FIG. 10 is a schematic diagram of a system 1000 that includes one or more distinct software modules that performs a method for acquiring an unknown product ion spectrum and marking isotopic product ion peaks from the unknown product ion spectrum for removal before comparing the unknown product ion spectrum with a library product ion spectrum, in accordance with various embodiments. System 1000 includes measurement module 1010 and an analysis module 1020.
Measurement module 1010 receives an unknown product ion mass spectrum from a tandem mass spectrometer. One or more known compounds of a sample are ionized using an ion source, producing an ion beam of precursor ions. The tandem mass spectrometer receives the ion beam from the ion source, selects one or more precursor ions from the ion beam using a precursor ion mass selection window, fragments precursor ions within the precursor ion mass selection window, and mass analyzes the resulting product ions, producing the unknown product ion mass spectrum for the precursor ion mass selection window.
Analysis module 1020 receives the unknown product ion mass spectrum from the tandem mass spectrometer. Analysis module 1020 retrieves from a memory a library product ion mass spectrum for a known compound. Analysis module 1020 determines, for each peak of the unknown product ion mass spectrum, if a following peak of the peak is a non-halogen isotopic peak. If the following peak is a non-halogen isotopic peak, analysis module 1020 determines if the library product ion mass spectrum includes a peak at the same m/z value of the following peak within a threshold tolerance range. If the library product ion mass spectrum does not include a peak at the same m/z value of the following peak within the threshold tolerance range, analysis module 1020 marks the following peak for removal from unknown product ion mass spectrum.
While the present teachings are described in conjunction with various embodiments, it is not intended that the present teachings be limited to such embodiments. On the contrary, the present teachings encompass various alternatives, modifications, and equivalents, as will be appreciated by those of skill in the art.
Note that the terms “mass” and “m/z” are used interchangeably herein. Generally, mass spectrometry measurements are made in m/z and converted to mass by multiplying by charge.

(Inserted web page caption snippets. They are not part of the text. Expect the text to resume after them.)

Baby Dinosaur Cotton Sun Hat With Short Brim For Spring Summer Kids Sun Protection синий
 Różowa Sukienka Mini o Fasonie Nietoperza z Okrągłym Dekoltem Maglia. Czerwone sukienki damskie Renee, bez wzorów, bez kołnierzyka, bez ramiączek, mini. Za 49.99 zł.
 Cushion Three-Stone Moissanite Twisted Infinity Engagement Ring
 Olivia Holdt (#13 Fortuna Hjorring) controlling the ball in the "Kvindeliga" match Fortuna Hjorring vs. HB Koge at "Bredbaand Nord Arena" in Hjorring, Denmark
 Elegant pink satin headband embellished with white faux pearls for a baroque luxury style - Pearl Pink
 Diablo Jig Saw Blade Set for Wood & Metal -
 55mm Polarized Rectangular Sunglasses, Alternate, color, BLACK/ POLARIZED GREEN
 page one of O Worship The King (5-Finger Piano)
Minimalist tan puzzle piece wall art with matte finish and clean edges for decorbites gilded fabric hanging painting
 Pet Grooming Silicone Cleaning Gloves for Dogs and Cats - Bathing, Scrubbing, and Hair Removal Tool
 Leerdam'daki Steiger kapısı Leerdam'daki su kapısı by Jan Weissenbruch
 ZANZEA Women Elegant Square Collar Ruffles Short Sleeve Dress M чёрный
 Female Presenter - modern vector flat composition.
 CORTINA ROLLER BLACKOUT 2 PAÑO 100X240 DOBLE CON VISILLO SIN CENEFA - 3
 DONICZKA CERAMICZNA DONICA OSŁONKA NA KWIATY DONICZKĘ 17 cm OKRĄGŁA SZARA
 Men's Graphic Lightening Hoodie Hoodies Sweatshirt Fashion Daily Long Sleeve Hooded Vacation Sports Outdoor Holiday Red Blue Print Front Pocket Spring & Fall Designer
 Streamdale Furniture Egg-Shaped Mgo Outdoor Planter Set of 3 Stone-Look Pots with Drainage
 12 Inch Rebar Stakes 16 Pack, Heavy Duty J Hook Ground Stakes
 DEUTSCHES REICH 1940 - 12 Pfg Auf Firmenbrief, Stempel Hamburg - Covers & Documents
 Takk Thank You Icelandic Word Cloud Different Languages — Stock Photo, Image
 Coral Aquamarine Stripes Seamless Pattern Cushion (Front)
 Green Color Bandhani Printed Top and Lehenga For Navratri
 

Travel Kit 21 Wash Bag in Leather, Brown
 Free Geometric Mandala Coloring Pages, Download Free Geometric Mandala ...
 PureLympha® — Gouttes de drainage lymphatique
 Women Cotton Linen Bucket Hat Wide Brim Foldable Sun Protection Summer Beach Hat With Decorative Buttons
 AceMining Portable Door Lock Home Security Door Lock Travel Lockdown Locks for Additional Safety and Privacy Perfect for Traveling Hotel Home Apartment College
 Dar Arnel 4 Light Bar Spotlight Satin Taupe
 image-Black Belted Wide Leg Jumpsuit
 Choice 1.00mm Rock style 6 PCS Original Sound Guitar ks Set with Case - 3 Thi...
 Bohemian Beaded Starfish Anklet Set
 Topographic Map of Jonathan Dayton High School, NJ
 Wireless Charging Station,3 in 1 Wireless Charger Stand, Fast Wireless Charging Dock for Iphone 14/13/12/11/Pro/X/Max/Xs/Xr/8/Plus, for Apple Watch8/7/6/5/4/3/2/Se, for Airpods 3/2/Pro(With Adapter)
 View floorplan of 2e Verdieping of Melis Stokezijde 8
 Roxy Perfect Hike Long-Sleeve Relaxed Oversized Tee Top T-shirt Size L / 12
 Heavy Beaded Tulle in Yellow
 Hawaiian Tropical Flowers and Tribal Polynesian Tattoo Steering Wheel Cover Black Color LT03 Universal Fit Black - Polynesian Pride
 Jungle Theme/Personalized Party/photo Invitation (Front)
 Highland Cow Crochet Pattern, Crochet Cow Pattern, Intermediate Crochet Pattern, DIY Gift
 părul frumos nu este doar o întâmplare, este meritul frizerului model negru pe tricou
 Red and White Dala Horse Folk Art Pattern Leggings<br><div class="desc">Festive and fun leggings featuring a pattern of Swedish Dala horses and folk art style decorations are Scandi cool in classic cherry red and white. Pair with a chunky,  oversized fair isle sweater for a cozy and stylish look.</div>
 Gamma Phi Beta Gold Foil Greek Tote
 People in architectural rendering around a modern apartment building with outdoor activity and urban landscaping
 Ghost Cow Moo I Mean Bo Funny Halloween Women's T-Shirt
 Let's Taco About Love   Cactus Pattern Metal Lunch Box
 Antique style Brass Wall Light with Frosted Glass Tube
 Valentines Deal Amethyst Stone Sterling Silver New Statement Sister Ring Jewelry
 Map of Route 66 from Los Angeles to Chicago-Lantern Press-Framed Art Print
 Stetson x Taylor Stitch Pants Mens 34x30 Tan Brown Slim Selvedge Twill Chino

Further, in describing various embodiments, the specification may have presented a method and/or process as a particular sequence of steps. However, to the extent that the method or process does not rely on the particular order of steps set forth herein, the method or process should not be limited to the particular sequence of steps described. As one of ordinary skill in the art would appreciate, other sequences of steps may be possible. Therefore, the particular order of the steps set forth in the specification should not be construed as limitations on the claims. In addition, the claims directed to the method and/or process should not be limited to the performance of their steps in the order written, and one skilled in the art can readily appreciate that the sequences may be varied and still remain within the spirit and scope of the various embodiments.